[[ Records to process open ]]

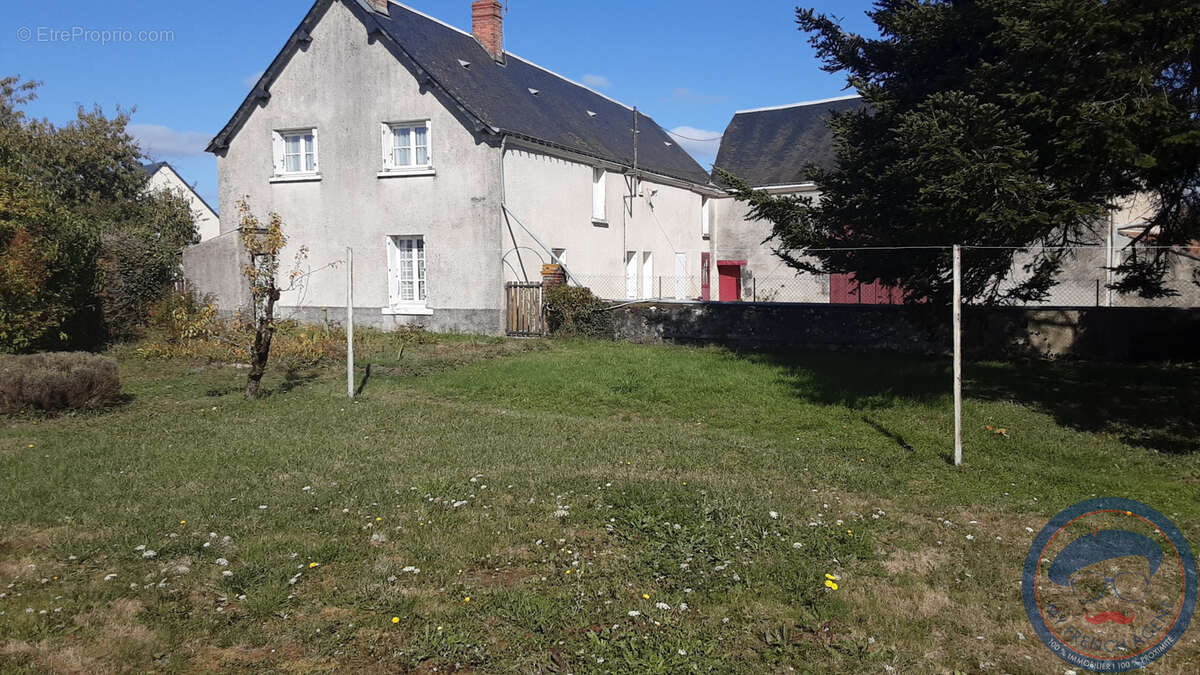 Maison à COURCAY
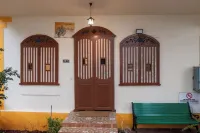 The Chickoo Tree by the Sea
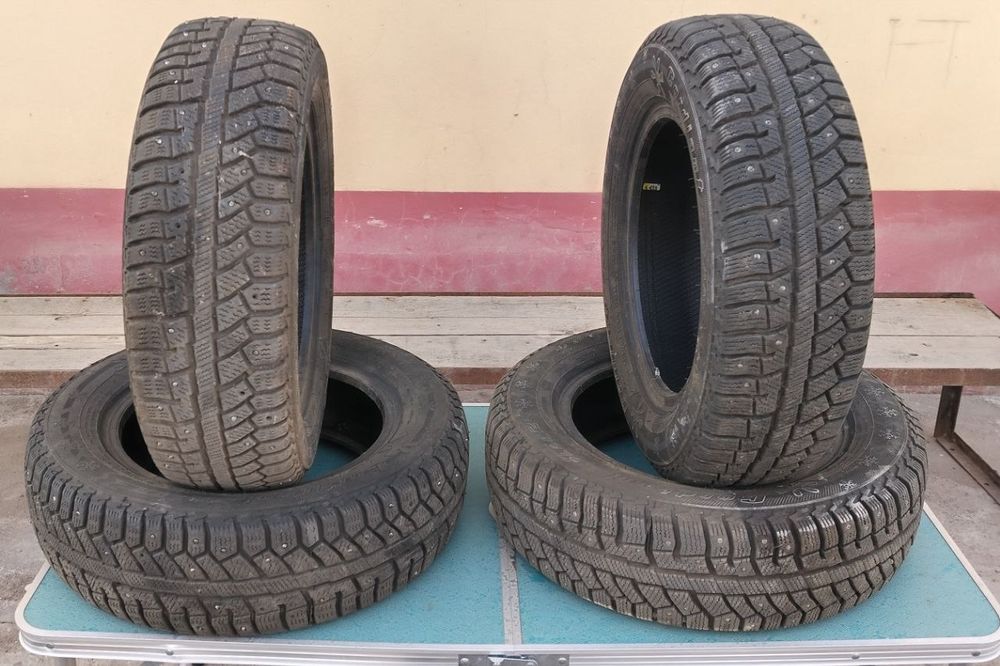 Шина зимная шиповка проездил 3 месяца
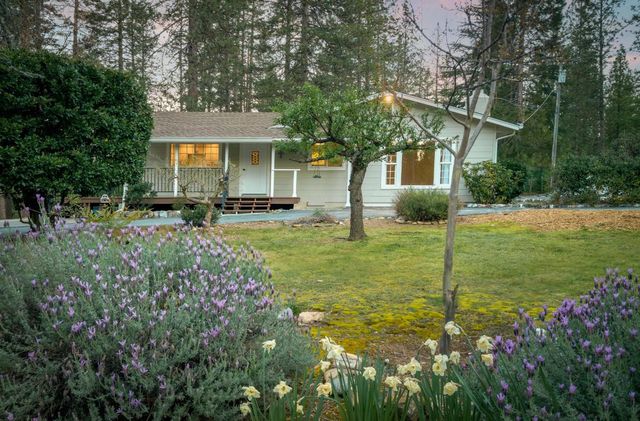 13506 Squirrel Creek Rd, Grass Valley, CA 95945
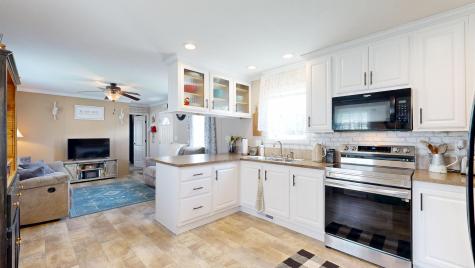 5 Parkview Lane Lewiston ME 04240
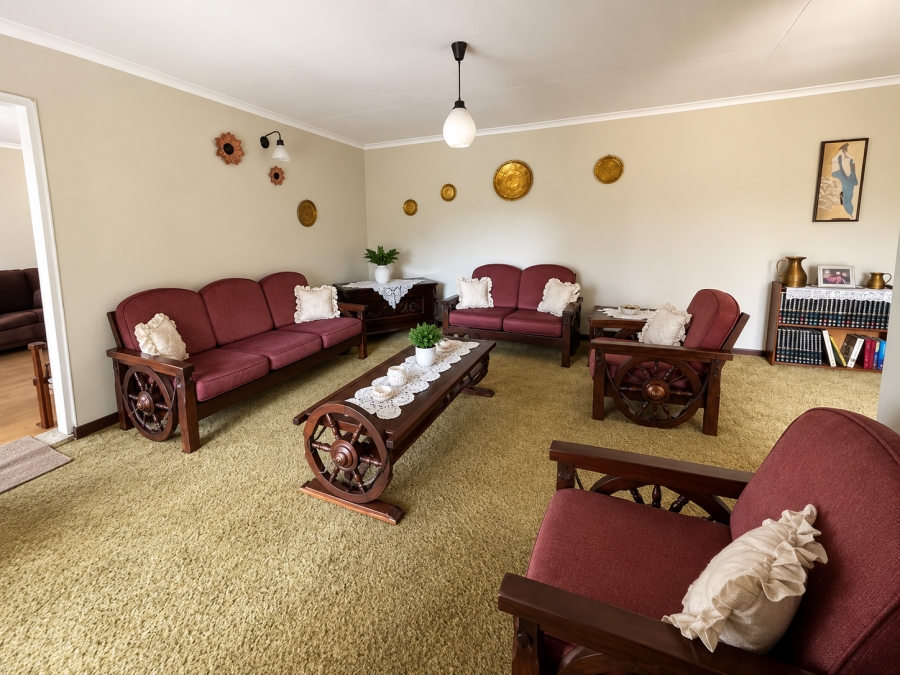 3 Bedroom Property for Sale in Cosmosrand Mpumalanga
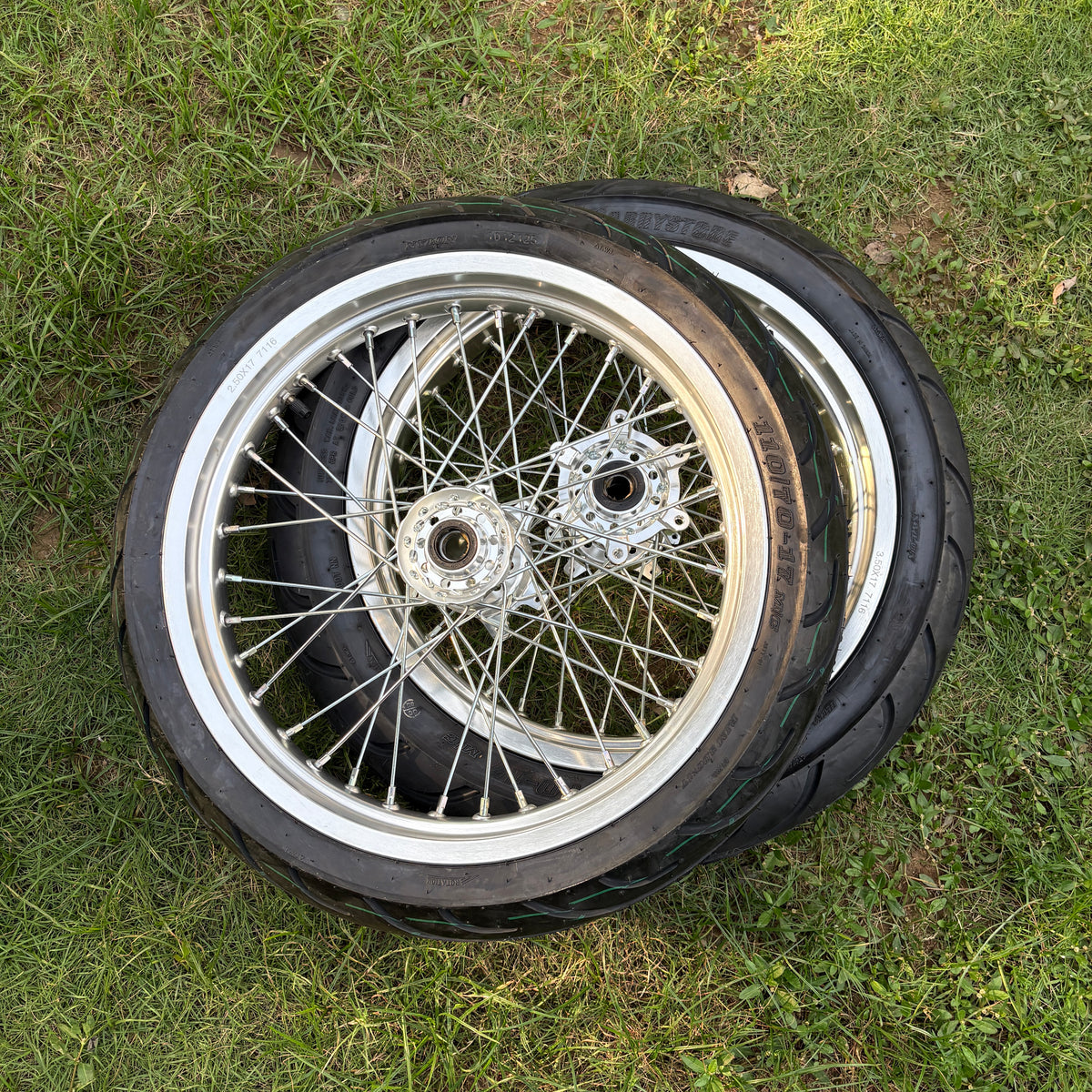 17 Inch Ultra Bee Supermoto Wheelset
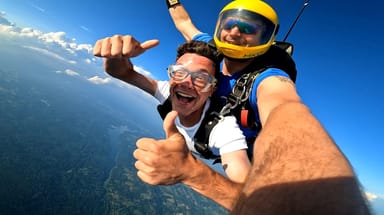 Thrilling Tandem Skydiving Experience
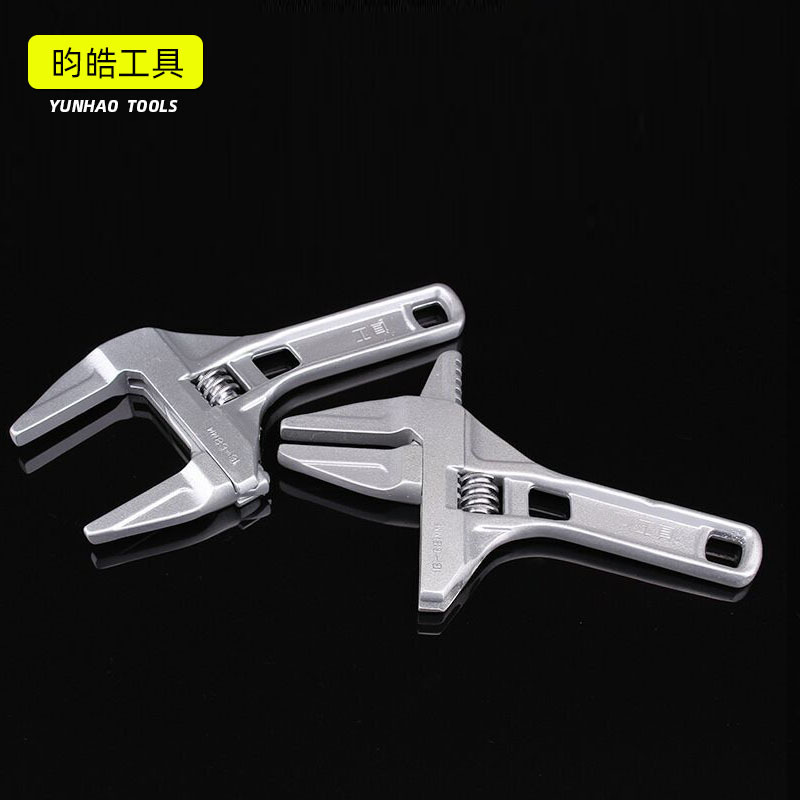 Wholesale aluminum alloy short-handled light large-opening bathroom wrenches, adjustable wrenches, plumbing and sewer pipe maintenance workers details Picture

[[ Records to process closed ]]

◆ What you are asked to do ◆
Restate each record from above word for word, excluding any picture it holds.

◆ Exercise solution ◆
 Maison à COURCAY
 The Chickoo Tree by the Sea
 Шина зимная шиповка проездил 3 месяца
 13506 Squirrel Creek Rd, Grass Valley, CA 95945
 5 Parkview Lane Lewiston ME 04240
 3 Bedroom Property for Sale in Cosmosrand Mpumalanga
 17 Inch Ultra Bee Supermoto Wheelset
 Thrilling Tandem Skydiving Experience
 Wholesale aluminum alloy short-handled light large-opening bathroom wrenches, adjustable wrenches, plumbing and sewer pipe maintenance workers details Picture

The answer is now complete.